HACKENSACK – The fact that Jersey City and Atlantic City are at opposite ends of the state didn’t stop Jersey City Mayor Steve Fulop from sharing his two cents on the looming crisis. Earlier today, Fulop criticized the alliance between Senate President Steve Sweeney, New Jersey Governor Chris Christie and South Jersey Democratic leader George Norcross.
According to Sweeney, that criticism was out of bounds.
“I think the mayor of Jersey City should probably focus on Jersey City, he has enough problems there,” Sweeney said. “It is unfortunate that people inject politics into a serious situation. I live next door to Atlantic City. I am gravely concerned about its finances. Some people get engaged to score political points.”
For Sweeney, Fulop’s recent comments hearken back to the mayor’s calls for a public debate on the merits of casino expansion into the northern part of the state. Since that challenge, Fulop has reversed his stance on northern expansion.
“He was willing to debate me publicly on casino gaming and the attributes and why it is go great for north Jersey and then he does a tour of Atlantic City,” Sweeney said. “He doesn’t really know what Atlantic City looks like which is remarkable since he spends time in Atlantic City like a lot of elected officials do every single year during the League of Municipalities. This is a legislative role and he really doesn’t play any role in it other than to try to score political points.”

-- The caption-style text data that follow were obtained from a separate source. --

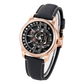 42mm Men Rotary Engine Style Watch - Rose Gold OBLVLO JM ROTOR Miyota 8215 Movement Jump Hour Automatic Watch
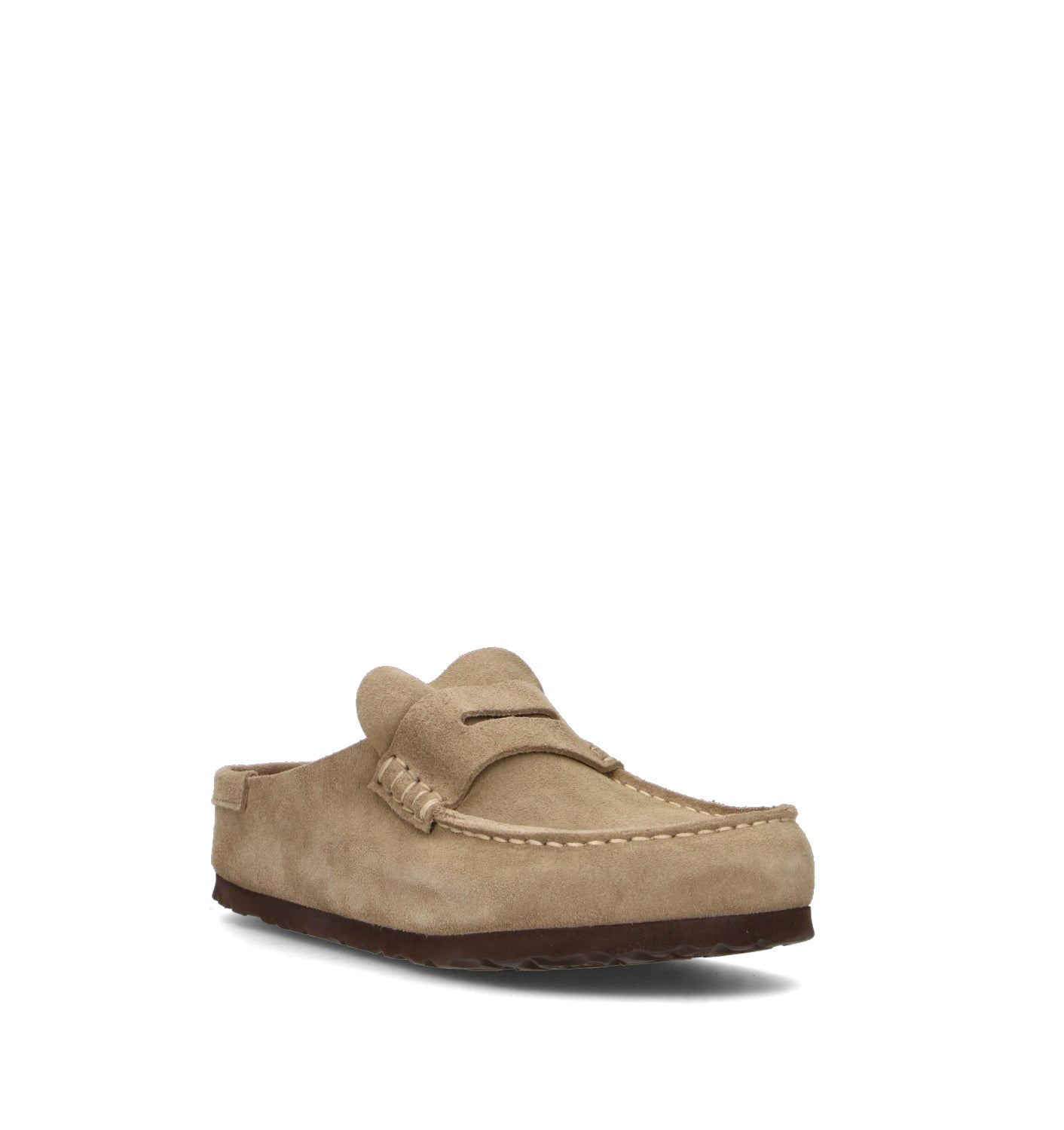 BIRKENSTOCK NAPLES WRAPPED Sabot donna taupe in suede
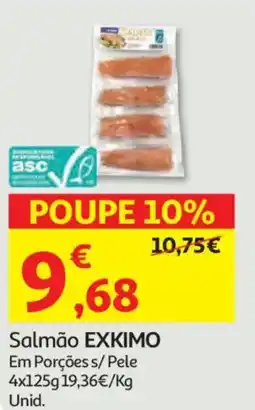 Auchan Salmão EXKIMO promoção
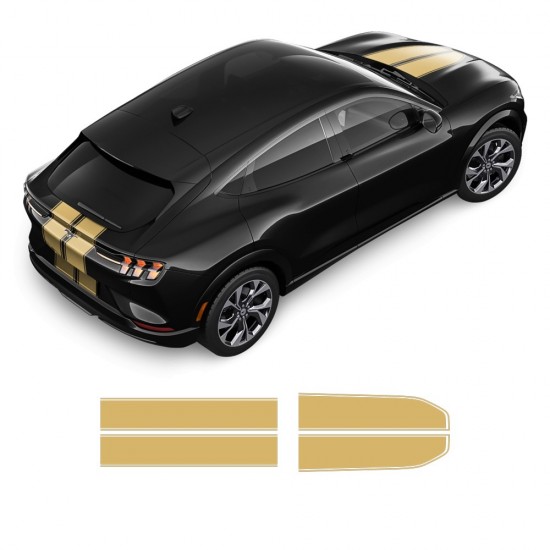 Kit de autocolantes MACH - E Mustang 2021 - 2022-Star Sam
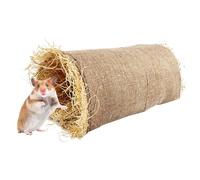 Rabbits House Indoor, Natural Safe Tunnel, 14.96x7.48x6.3 inches Woven Toy Nest, Cute Cozy Hideaway for Sleeping Hiding and Playtime in Animal Indoor Outdoor Living Spaces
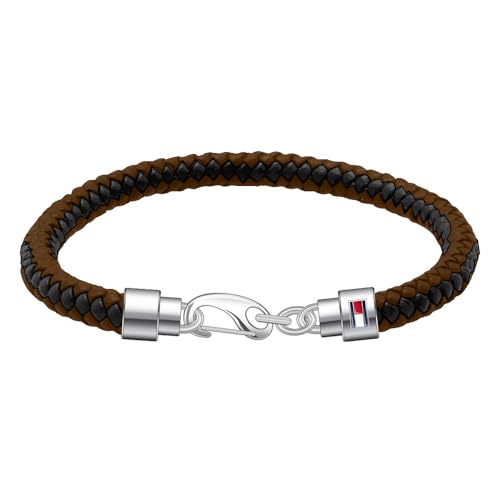 Tommy Hilfiger Jewelry Lederarmband für Herren Schwarz und Braun - 2790047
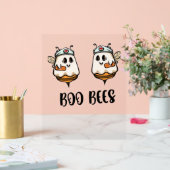 Halloween Boo Bees Nurse Classic T-shirt Acryl Bord (Huwelijk)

Assembly Speaker Vincent Prieto is expected to put up his Atlantic City takeover bill for a vote on Thursday. Prieto’s bill is an alternative to the Sweeney-sponsored version that already passed in the senate and has Governor Christie’s stamp of approval.
“From what I am hearing, he doesn’t have the votes to pass his bill but it is up to him to post his bill or not,” Sweeney said of Prieto. “We passed a bill in the Senate that passed with bipartisan support overwhelmingly. Again you are seeing a whole bunch of politics play out here. It is unfortunate.”
According to Sweeney, one of the main areas of concern with Prieto’s bill is an issue of fairness. Sweeney said that if Atlantic City fails to meet the first of the Prieto bill’s outlined benchmarks, the state will need to give the city a large sum of money regardless of the needs of other New Jersey municipalities.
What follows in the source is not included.